Make the data speak itself: Dimensionality Reduction

If you have a large number of training features, theoretically, it should improve performance of your model. However, in practice, you can encounter curse of dimensionality because number of training examples required increases exponentially with dimensionality.

It's pretty clear that we need to reduce the complexity of our input training data so that it has fewer dimensions, but how do we go about doing it?

Now, complexity in your training data can be reduced using techniques in two broad categories, feature selection and dimensionality reduction. Within feature selection, you can apply statistical techniques to select the most significant features in your dataset. Examples of statistical techniques that you could use here are variance thresholding, ANOVA, and mutual information.

There are of course, many others as well. Dimensionality reduction involves transforming the data so that most of the information in the original dataset is preserved, but with fewer dimensions. There are three categories of techniques that you can use for dimensionality reduction, projection, manifold learning, and autoencoding

In this post, we will focus one of popular and efficient techniques which works well with linear data: Principal Component Analysis.
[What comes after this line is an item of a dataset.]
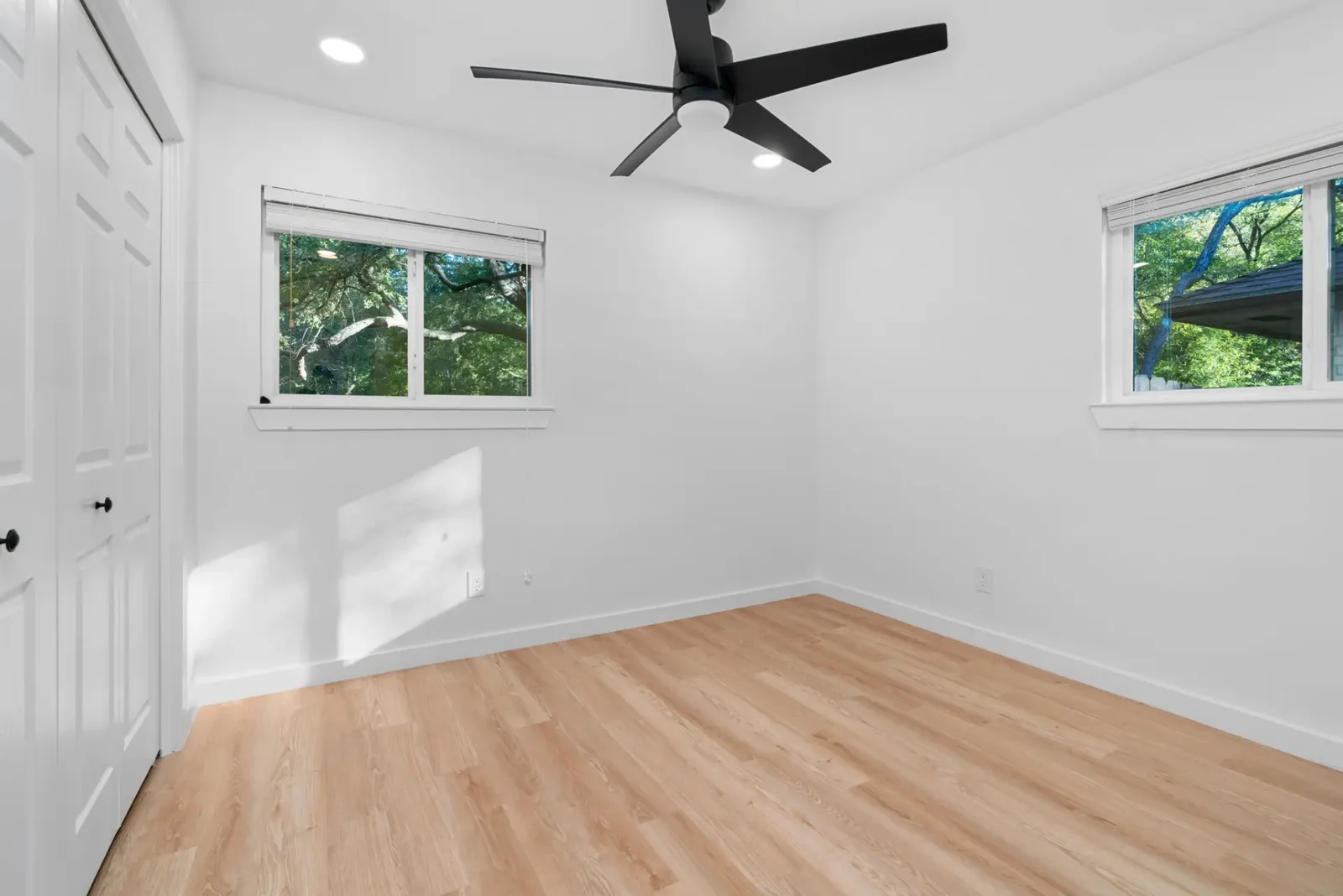 /assets/sb/db4db56c73_emerald_forest_19-web-or-mls-dsc07249-0.webp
Principal Component Analysis (PCA)

Let's first focus our attention on understanding the intuition behind principal component:

We have 2 features: height and cigarettes per day
Both features increase together (correlated)

Do we really need two dimensions to represent this data? Can we reduce number of features to one?

The answer is to create single feature that is combination of height and cigarettes

Project data-points to Y axis

Choice 1: Let's say we choose to project all of your points along this X axis. This is a bad choice of dimensions! If we choose our axes or dimensions poorly, then we do need two dimensions to represent this data. By projecting onto the X axis, we've lost all of the information present in the original set of points.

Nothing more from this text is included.